23年には米国の公衆衛生政策を指揮するマーシー医務総監が10代は精神衛生上の危機にあるのはSNSが原因だとして警告するように勧告したが、言論の自由や個人のプライバシー、年齢チェック技術の限界を理由にした反対意見を受けて、西側の政治家は思い切った子どもの利用禁止を打ち出すことはできなかった。
事態が動くきっかけを作ったのは、オーストラリアで2番目に小さい南オーストラリア州のマリナウスカス首相の妻だった。米国の社会心理学者ジョナサン・ハイト氏が執筆したSNS批判の24年のベストセラー書籍「不安な世代」を読んだ後、夫に対して「あなたはこの本を読み、何かしないといけない」と行動を起こすように働きかけたのだ。
オーストラリア議会が今年11月28日に16歳未満の子どものSNS利用を禁止する法案を可決したのを受け、マリナウスカス氏は翌29日にアデレードで記者団に「これほど急速に広まるとは予想していなかった」と語った。
オーストラリアの人口約2700万人のうち7%に過ぎない南オーストラリア州の首相のマリナウスカス氏が子どものSNSアクセスを制限することを個人的に模索後、世界初となる全国的な禁止措置に至るまで6カ月しかかからなかった。
異例の速度は、この問題に対するオーストラリアの有権者の関心の高さを物語る。オーストラリアは25年5月までに総選挙を控えている。
オーストラリア政府の「ユーガブ」の調査によると、国民の77%が16歳未満のSNS利用禁止を支持し、反対は23%にとどまった。
フリンダース大(南オーストラリア州)のロドリゴ・プレイノ教授(政治・公共政策)は「全てはここで始まった」とし、「首相を含む連邦政府はそれが解決すべき問題であり、国全体で取り組むことが最善の対応策になるとすぐに理解した。子供たちに選別することなくソーシャルメディアを使わせることは、世界的な問題になっている」と言及した。
<急速な動き>
メタは今年、世界中の報道機関に対する著作権使用料の支払いを停止すると発表し、これはオーストラリアのオンラインに関する著作権法に抵触する可能性があった。
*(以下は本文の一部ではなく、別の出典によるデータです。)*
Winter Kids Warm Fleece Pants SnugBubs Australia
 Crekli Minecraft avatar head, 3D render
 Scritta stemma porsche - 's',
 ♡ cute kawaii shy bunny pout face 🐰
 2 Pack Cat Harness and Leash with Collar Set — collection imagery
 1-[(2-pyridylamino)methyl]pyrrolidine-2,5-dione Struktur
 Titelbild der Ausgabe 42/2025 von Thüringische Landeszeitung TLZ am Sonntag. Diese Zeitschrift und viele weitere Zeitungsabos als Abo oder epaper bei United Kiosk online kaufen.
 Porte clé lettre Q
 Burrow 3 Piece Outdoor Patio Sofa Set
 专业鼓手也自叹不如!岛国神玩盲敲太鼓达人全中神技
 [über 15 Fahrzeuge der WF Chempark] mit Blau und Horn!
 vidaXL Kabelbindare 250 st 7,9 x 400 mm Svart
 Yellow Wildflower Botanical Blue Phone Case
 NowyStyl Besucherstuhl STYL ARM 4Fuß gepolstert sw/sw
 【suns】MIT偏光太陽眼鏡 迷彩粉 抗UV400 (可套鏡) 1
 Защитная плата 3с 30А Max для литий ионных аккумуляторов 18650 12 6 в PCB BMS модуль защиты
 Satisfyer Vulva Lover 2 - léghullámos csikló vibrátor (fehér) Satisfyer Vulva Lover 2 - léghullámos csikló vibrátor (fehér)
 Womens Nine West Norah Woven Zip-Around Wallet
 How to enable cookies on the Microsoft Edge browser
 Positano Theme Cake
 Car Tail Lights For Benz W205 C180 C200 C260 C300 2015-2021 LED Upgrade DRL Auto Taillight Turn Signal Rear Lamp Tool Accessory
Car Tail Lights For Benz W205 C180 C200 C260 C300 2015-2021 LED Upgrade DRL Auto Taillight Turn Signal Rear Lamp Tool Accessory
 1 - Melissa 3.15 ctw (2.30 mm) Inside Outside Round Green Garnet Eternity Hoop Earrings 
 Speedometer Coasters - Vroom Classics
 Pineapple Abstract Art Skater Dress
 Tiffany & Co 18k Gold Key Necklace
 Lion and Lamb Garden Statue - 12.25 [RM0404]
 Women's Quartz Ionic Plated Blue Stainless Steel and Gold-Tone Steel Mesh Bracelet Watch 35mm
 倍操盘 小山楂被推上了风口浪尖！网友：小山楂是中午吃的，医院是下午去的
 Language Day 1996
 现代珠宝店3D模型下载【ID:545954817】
メタの決定を受け、オーストラリア政府は年齢制限の是非からメタによる著作権使用料停止の影響に至るまで、SNSの社会的影響に関する幅広い調査を開始した。
一方、今年4月にシドニーで起きた2件の刃物による襲撃事件に関連した虚偽のコンテンツの拡散を巡る短文投稿サイトXとオーストラリアのサイバー規制当局との法廷闘争を背景に、野党議員らはSNS利用の年齢制限を求め始めた。
オーストラリア最大の新聞社となっているルパート・マードック氏が率いるニューズ・コーポレーションは、16歳未満の子どものソーシャルメディア利用禁止を目指した編集キャンペーンを始めた。
南オーストラリア州のマリナウスカス首相が州内で14歳未満のSNS利用を禁止すると9月に発表した翌日、オーストラリアのアルバニージー首相がメディアに登場して連邦政府としても年内に禁止策を制定すると述べた。
アルバニージー政権が11月に議会へ提出した法案はSNS運営企業に16歳未満の子どもが利用できないように措置を講じるように義務づけ、違反した場合には最大で4950万豪ドルの罰金を課すとした。
法案は政権与党、および野党の大部分の支持を得て可決された。1年後に施行される。
中国系動画投稿サイトTikTok(ティックトック)の広報担当者は11月29日、このプロセスは急ぎ過ぎであり、若者を「インターネットのより暗い隅」に追いやる危険性があると反発した。
マリナウスカス氏から委託を受け、州単位での年齢制限が可能かどうかの報告書を作成した元高裁判事のロバート・フレンチ氏は電話取材に「オーストラリアでここまで進んだことをうれしく思う」と語った。